Diese Novelle ist wichtig und richtig. Sie berücksichtigt die besonderen Anforderungen des flächendeckenden Glasfaserausbaus im Vergleich zu „klassischen“ Sanierungs- oder Reparaturarbeiten im öffentlichen Verkehrsraum. Das TKG regelt ebendies für Netzplanung und (Tief-)Bau. Ein dritter, entscheidender Aspekt bleibt dabei jedoch regelmäßig unberücksichtigt: Verkehrsrechtliche Anordnungen (VRA) nach § 45 der Straßenverkehrsordnung (StVO).
Klare Trennlinie zwischen TKG und StVO
Während das TKG den Telekommunikationsunternehmen (TKU) Sonderrechte und -pflichten für Bauarbeiten im öffentlichen Raum einräumt – Wegerechte nach § 125 TKG, Anforderungen an die Legung und Änderung von TK-Linien nach § 127 TKG oder die Rücksichtnahme-Vorschriften nach §§ 129 ff. TKG – fehlen diese im Straßenverkehrsrecht bislang.

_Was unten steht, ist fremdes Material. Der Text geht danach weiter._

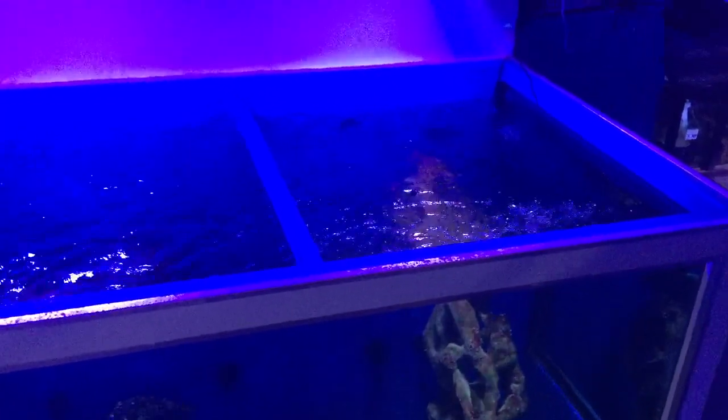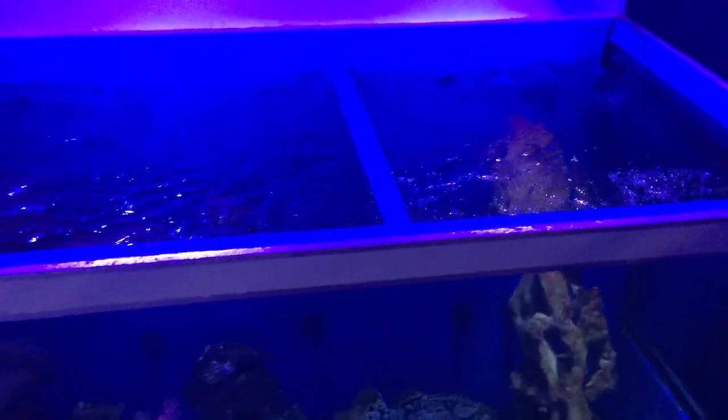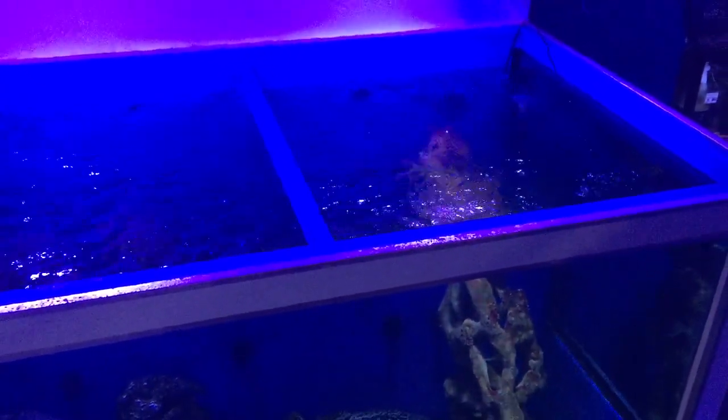Just by having one pump aiming the wrong way, it really impacts the amount of flow and the kinetic energy — how much flow is created, how much movement is created by movement.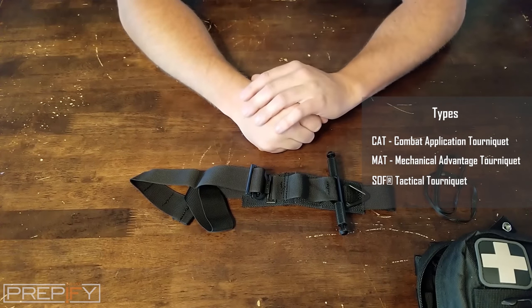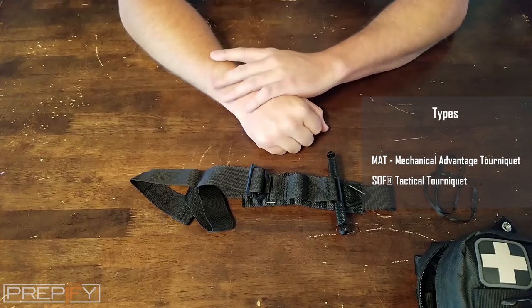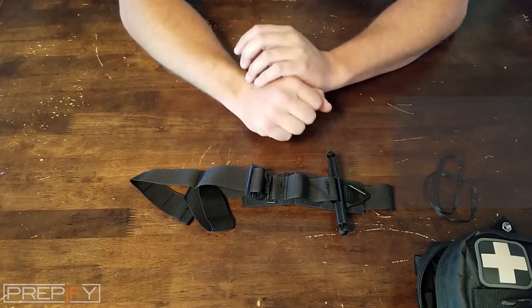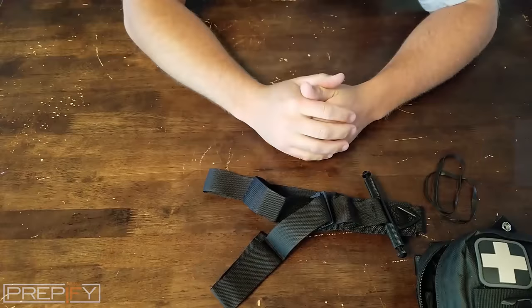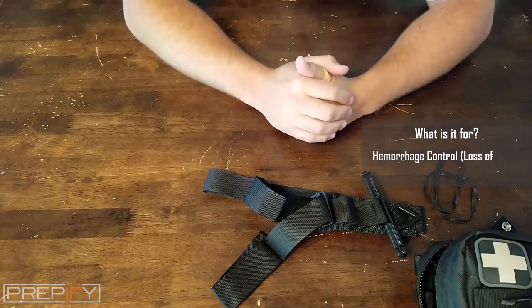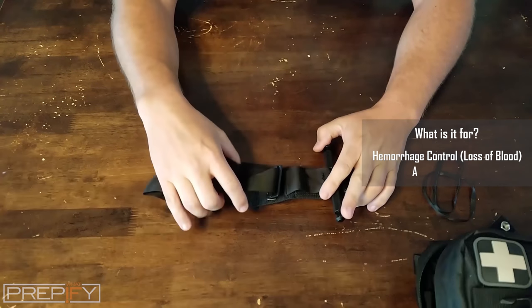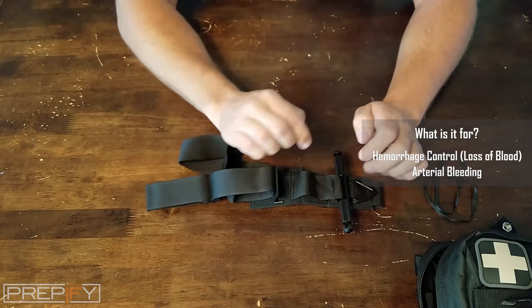Practice makes perfect — it should be muscle memory when putting these on, because when you're watching blood spurting out of your body, you're going to be having some crazy thoughts and you'll be in a hurry. A tourniquet is used for hemorrhage control, stopping bleeding. The main use is for arterial bleeding, when you have that spurting of blood.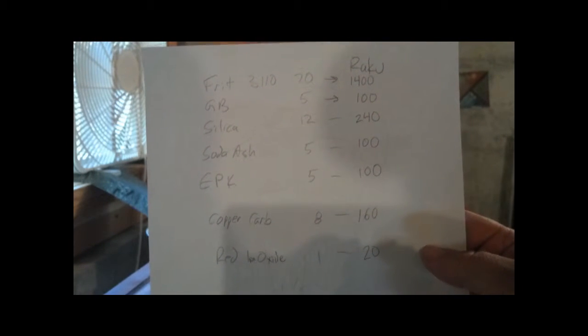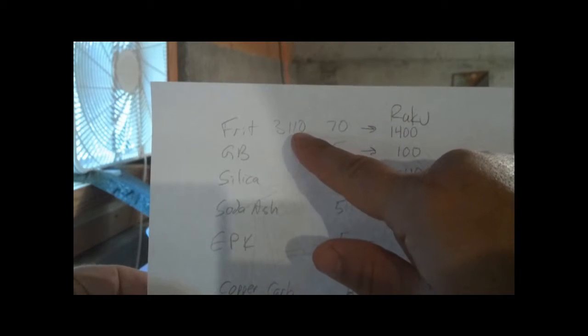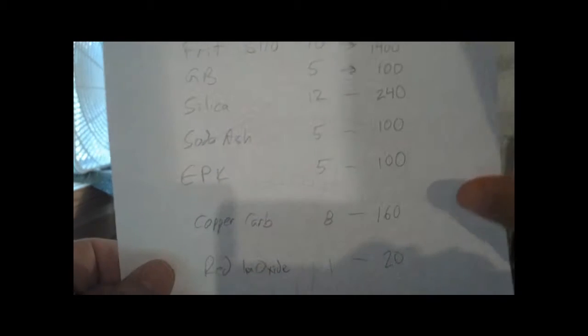Here's a glaze that I'm about to make — it's a Raku glaze. When you see the recipe, they give you the numbers: Ferro Frit 3134, 70; Gerstley Borate 5; Silica 12; Soda Ash 5; EPK 5. These are all percentages. The main components generally add up pretty close to 100%.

Damit der Glasfaserausbau in der Fläche jedoch funktioniert, müssen mehrere Kolonnen auf vielen Baustellen zeitgleich arbeiten. Herkömmliche VRA-Logiken für Einzelmaßnahmen sind dafür nicht gemacht. In der Praxis wird die Verkehrssicherung daher regelmäßig zum Nadelöhr für TKU: VRA-Anträge stauen sich, Kolonnen stehen still, die Baugeschwindigkeit nimmt ab. Projektkosten steigen signifikant, der Glasfaserausbau wird unwirtschaftlich. Hiervor hatten TK-Verbände Anfang des Jahres bereits in einem Positionspapier gewarnt.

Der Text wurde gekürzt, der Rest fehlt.